[Records contained in a dataset]
- Opening Delimiter -

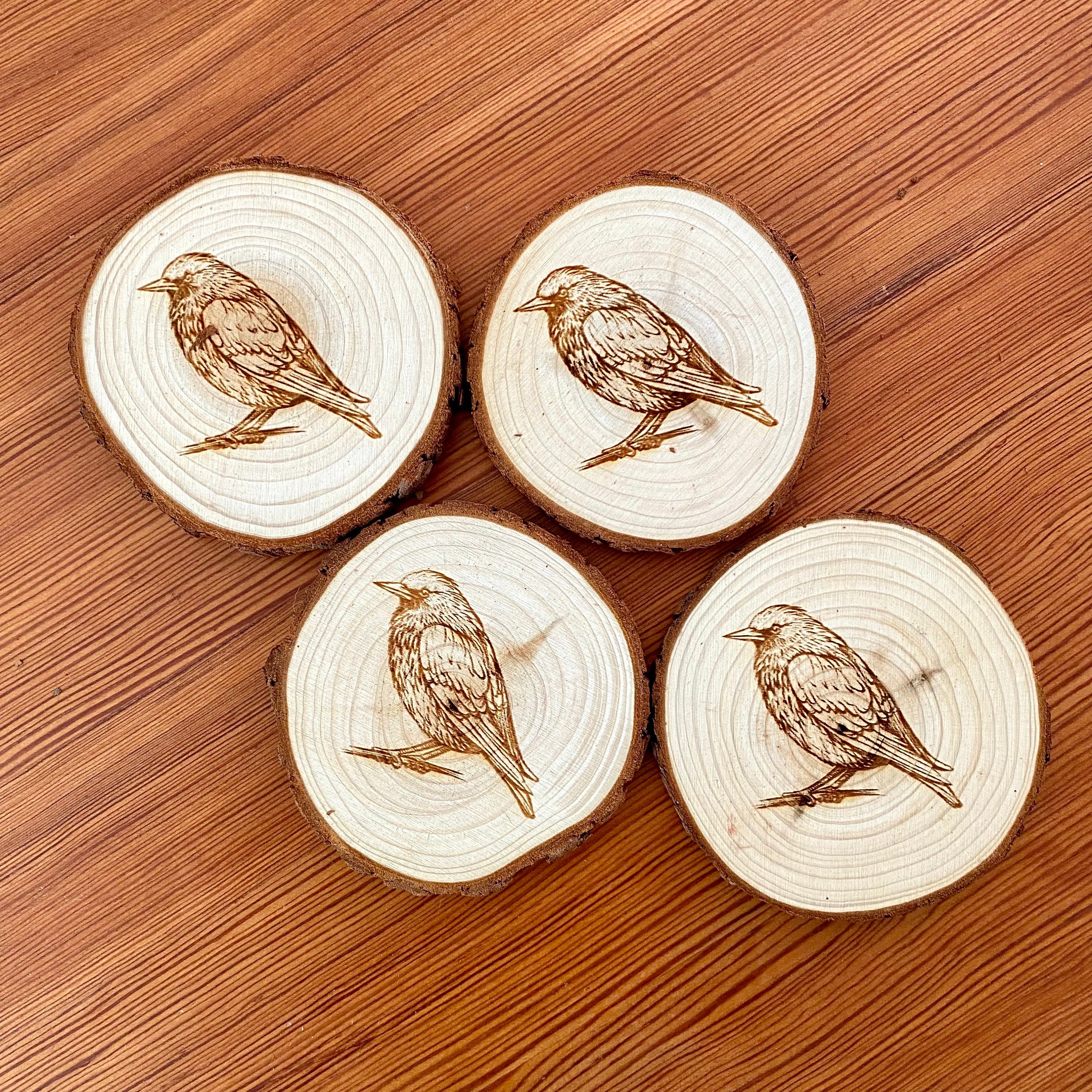 A set of four laser engraved wood coasters featuring starling bird illustrations, showcasing their natural wood finish and intricate designs.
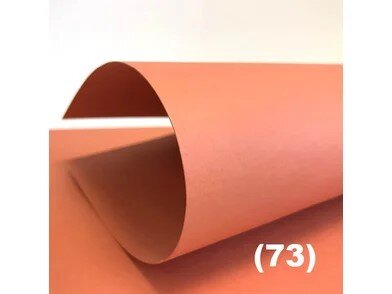 Color STYLE Fresh 73 copper orange.7c8dc26a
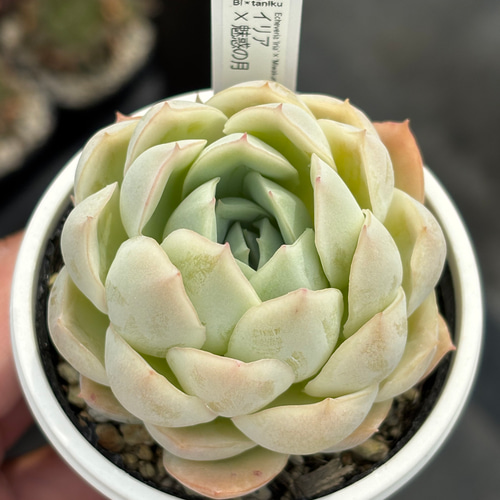 M､エケベリアセット 多肉植物 オリジナル交配 抜き苗 多肉植物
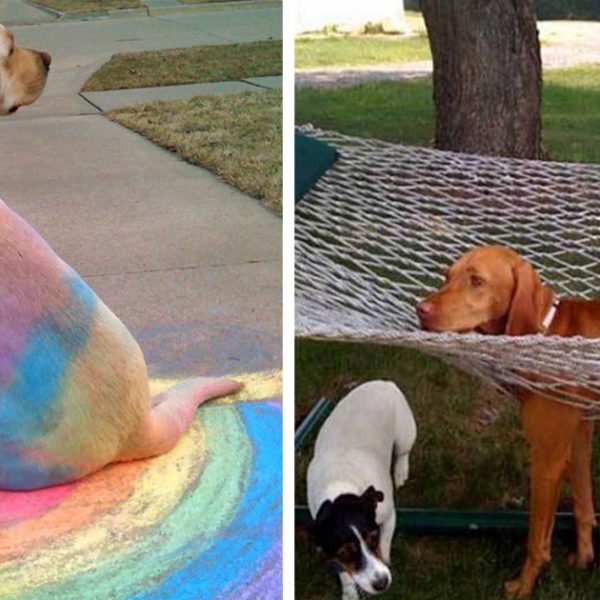 dogs-who-made-poor-life-choices-fb1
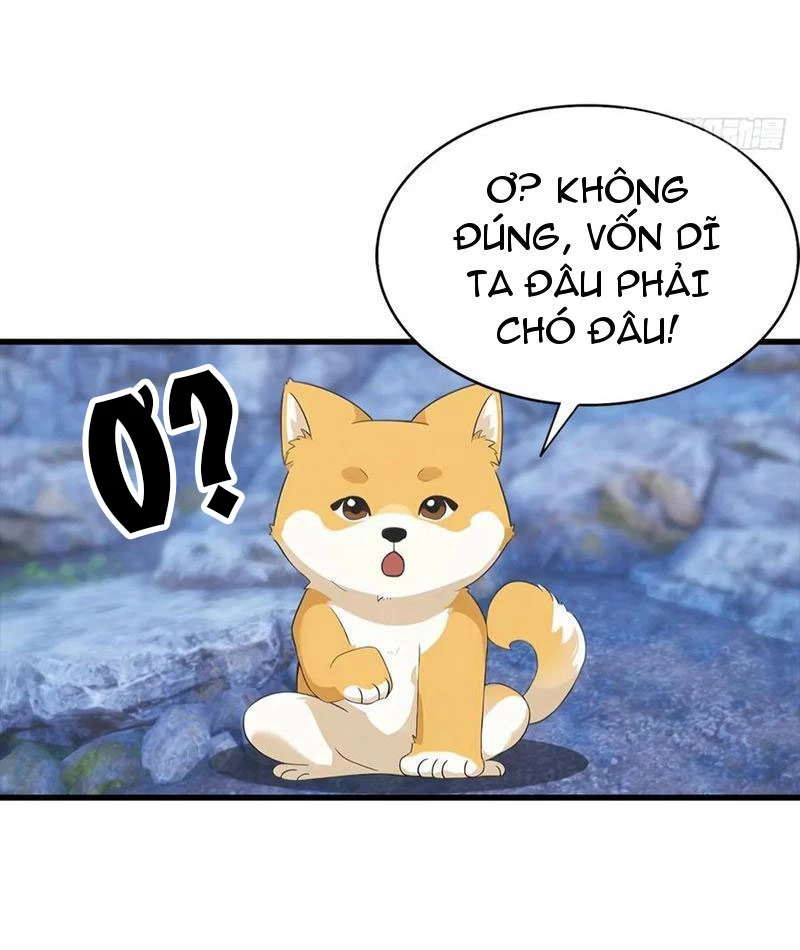 Đô Thị Thánh Thủ: Ta Là Y Võ Đỉnh Phong Chapter 134 - 52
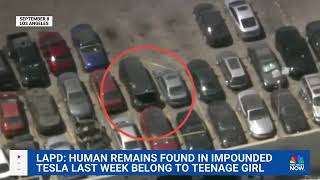Remains found in a Tesla car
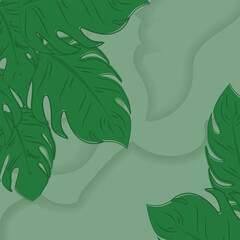 monstera leaf icon illustration Background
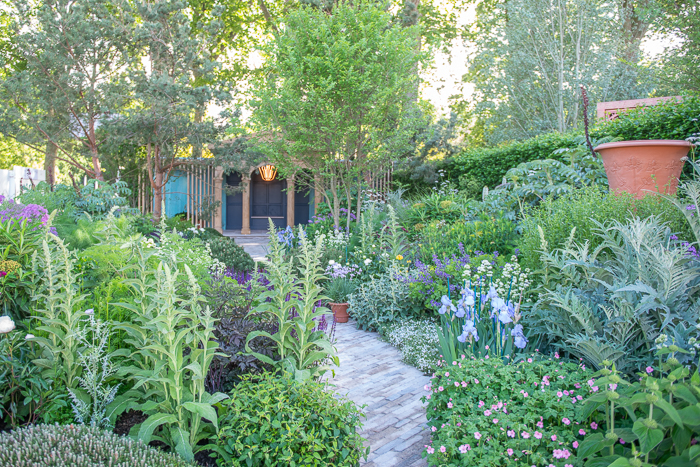 The RNLI Garden by garden designer Chris Beardshaw for Chelsea Flower Show 2022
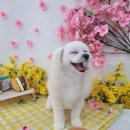 야옹아 멍멍해봐(조례호수점) 이미지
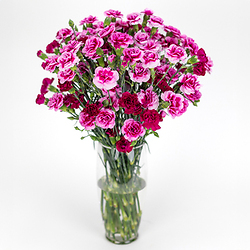 Bouquet Beautiful Carnations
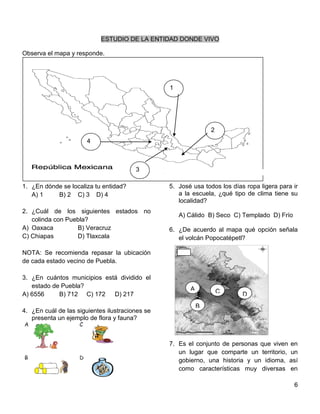 6
ESTUDIO DE LA ENTIDAD DONDE VIVO
Observa el mapa y responde.
1. ¿En dónde se localiza tu entidad?
A) 1 B) 2 C) 3 D) 4
2. ¿Cuál de los siguientes estados no
colinda con Puebla?
A) Oaxaca B) Veracruz
C) Chiapas D) Tlaxcala
NOTA: Se recomienda repasar la ubicación
de cada estado vecino de Puebla.
3. ¿En cuántos municipios está dividido el
estado de Puebla?
A) 6556 B) 712 C) 172 D) 217
4. ¿En cuál de las siguientes ilustraciones se
presenta un ejemplo de flora y fauna?
5. José usa todos los días ropa ligera para ir
a la escuela, ¿qué tipo de clima tiene su
localidad?
A) Cálido B) Seco C) Templado D) Frío
6. ¿De acuerdo al mapa qué opción señala
el volcán Popocatépetl?
7. Es el conjunto de personas que viven en
un lugar que comparte un territorio, un
gobierno, una historia y un idioma, así
como características muy diversas en
A
4
3
1
2
B
C D
 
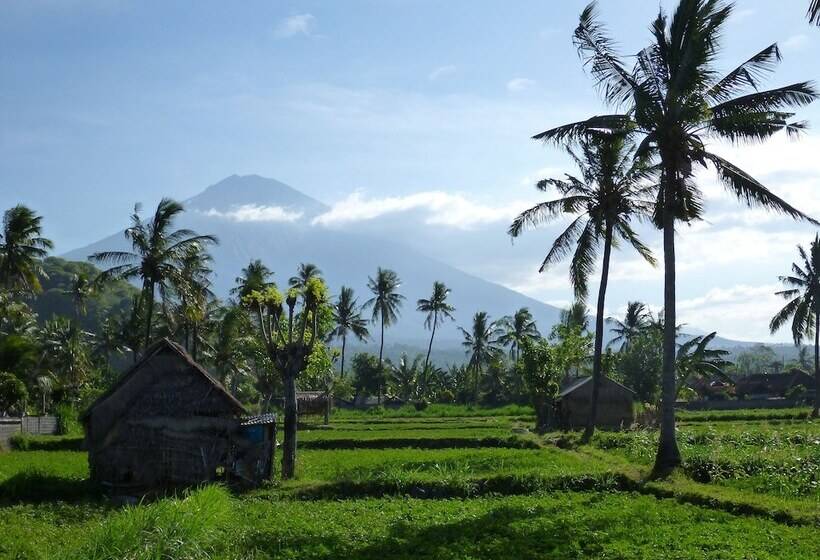 Bali Fab Dive Center   Hostel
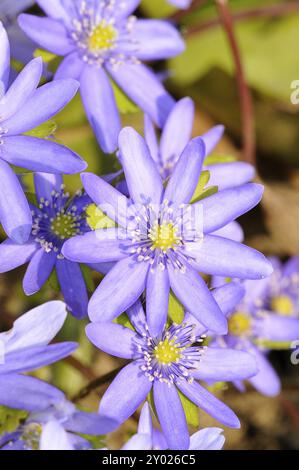 Leberkraut (Anemone hepatica), Deutschland, Leberkraut, Frühling, Wald, Deutschland, Europa Stockfoto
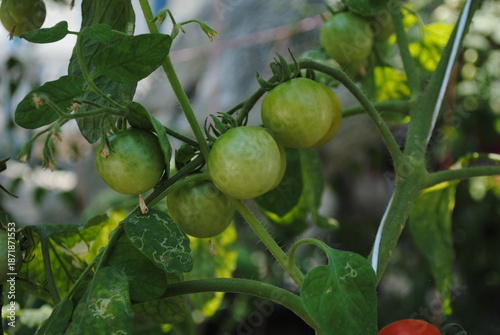 Close-up of vibrant green cherry tomatoes hanging on a vine in a lush garden, showcasing fresh produce and healthy growth.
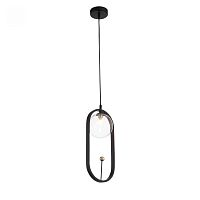 Светильник подвесной Circono SL1201.403.01 ST-Luce прозрачный 1 лампа, основание чёрное в стиле современный 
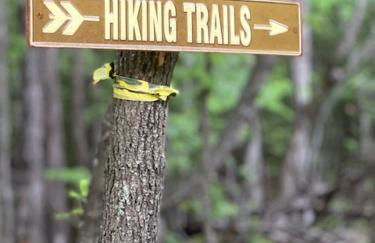 The Great Escape by Simple Life Rentals - Foto 17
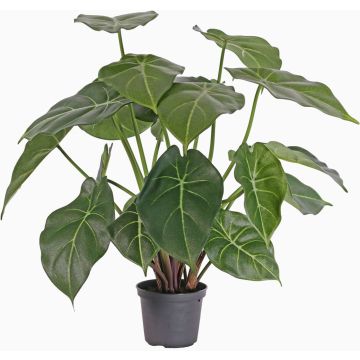 Umělá rostlina syngonium PERAMI, zelená, 45cm Umělá rostlina syngonium PERAMI, zelená, 45cm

- Closing Delimiter -

● **Work request**
Your task is to collect every line above that contains the word "mapa".

● **Completed exercise**
Observa el mapa y responde.
6. ¿De acuerdo al mapa qué opción señala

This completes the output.